Your Working Chair, 2015. Borrowed chairs of some of my MFA colleagues. 15 chairs, 1 rocking chair, 2 stools, 1 blanket, e-mail printed. Dimensions variable.

Dream Work, 2015. Printed basic combed cotton, silk thread, black curtain clips w/ hook. 64” x 213”

The project takes the form of an installation, an exhibition constituted by two works exploring the idea of site-specificity, artistic production, strike, the social and work dynamics as well as the intricate relations between production and consumption.
In YOUR WORKING CHAIR (2015) I borrow my peers working chairs. By working chairs I mean the chair that they use to work in their studios. And display it in my show at D301 from March 9-14, 2015. I see these objects as mechanisms of our daily activity. These are the chairs that promote the production of our work as well as support studio visits with faculty and other students– they are visible functional elements– as indispensable material and support structures that enable the studios to operate.
DREAM WORK (2015) brings things together that don't seem ready to be. It's a suspended 6 yard curtain that divides the space using the photoshop checkered as background for an image of the artist (me) sleeping in the studio. A superimposition by a series of images based on the importance of the unconscious mind as an latent archive composed by ghostly manifestations.

A friendship between Lúcia Prancha and Andy Rector, 2014

‘If art is what we do and culture is what is done to us – what would culture do to us if art is what we didn’t do?’ Keith Arnatt

This project involves a collaboration between a student from the art school and a student from the film school. I have invited film critic and artist Andy Rector to present his work in this exhibition space allocated to art students like myself. Rector works on the intersection of film history, film criticism, and social history through the juxtaposition and collaging of filmic matter. Rector addresses issues of power (major and minor), fear, and the presence of police in the cinema.

Rejecting to show my work and instead showing the work of another artist is to provide visibility to a student who may not be able to continue in the course. School grants are not always enough, especially if you have no family fortune or must embark on a high interest four-year loan to study in a private school. Students pay exorbitant amounts of money to study in the U.S. The same applies to other social institutions which are increasingly being made private.

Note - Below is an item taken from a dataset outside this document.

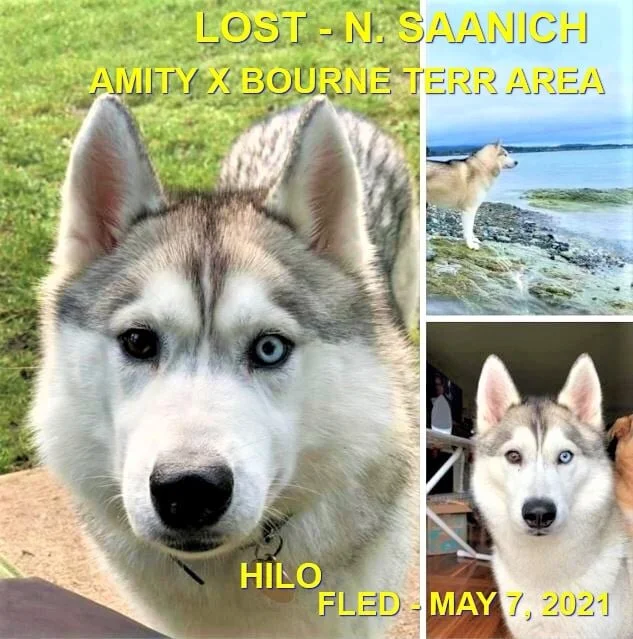 OVER THE RAINBOW BRIDGE - NORTH SAANICH - HILO - MAY 7, 2021 - A VERY EMOTIONAL CASE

The future is not smiling and choices have to be made. I am interested in what ideas of authorship and ownership represent today through the representation and affectation of human relations. What is the social weight of visibility and invisibility? What is more present: visibility or invisibility? What are the social implications of this change to visibility or invisibility, including the choice, or force, to go under the cloak? To study here is to gain visibility in a system that nurtures the work. To quit and leave is to go undercover, to move in secret, to maybe become invisible - with all the others. I am interested in what ideas of authorship and ownership represent today through the representation and affectation of human relations. What is the social weight of visibility and invisibility? What is more present: visibility or invisibility? What are the social implications of this change to visibility or invisibility, including the choice, or force, to go under the cloak? To study here is to gain visibility in a system that nurtures the work. To quit and leave is to go undercover, to move in secret, to maybe become invisible - with all the others.

A CITIZEN'S ARREST an feature film and installation by Andy Rector at CalArts - California Institute of the Arts, Valencia, USA. 2014

The Haunted Screensavers, 2014. Two screensavers.

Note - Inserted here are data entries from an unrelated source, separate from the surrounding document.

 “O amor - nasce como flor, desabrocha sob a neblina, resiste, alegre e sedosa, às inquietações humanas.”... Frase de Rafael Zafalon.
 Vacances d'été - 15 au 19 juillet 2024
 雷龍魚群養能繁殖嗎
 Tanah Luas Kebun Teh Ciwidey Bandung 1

The work explores how an altered context informs social relations and actions. The consideration of structural elements as language
of a space, thus in sitespecific interventions, the manipulation of library computer screens as structures to deconstruct socially defined spaces and their uses, their history and playful possibilities. By way of appropriation, repetition, and from the ideas left by the –almost gone– Institutional Critique movement, I drew an almost invisible situation that suggest alternative perceptions of a place.
Starting from the context of CalArts library, as a marginal space to present art, I came with the idea of an intervention in the computers–a screensaver–The Haunted Screensavers (2014). Two screensavers: one minute scene of the haunted forest from “Snow White and the Seven Dwarfs” (1936) directed by Walt Disney, and the other one, three second gif taken from the internet a series of cartoon eyes blinking in the dark. This one recalls the eyes that haunt Snow White. Both screensavers were installed alternately on each computer at the CalArts Library for one day (December 11, 2014). The conceptual point of departure for this interventions at the library, came from my interest in art outside of the usual exhibitions spaces, art that doesn’t look like art and the play with ideas such as structures, meaning and functionality.
The screensaver is a computer program that blanks the screen or fills it with moving images or patterns when the computer is not in use. I’m interested in explore the space of non work, the space of sleep, therefore the screensavers computer and the possibilities of an machine’s unconscious/mind. The specific event addresses the library with an attempt to highlight the interface between the binaries: real/fiction, physical/digital and interior/exterior spaces.
Almost imperceptible, the screensavers lurk in the computers as haunted parasites.
With this intervention at the CalArts Library, I mixed fictional fragments, the overlap of historical and contemporary contexts and relational elements to address as well as symbolic escape routes from the everyday and the use of common spaces.
In both directions the students and library visitors are revealed to be the protagonists who complete the work.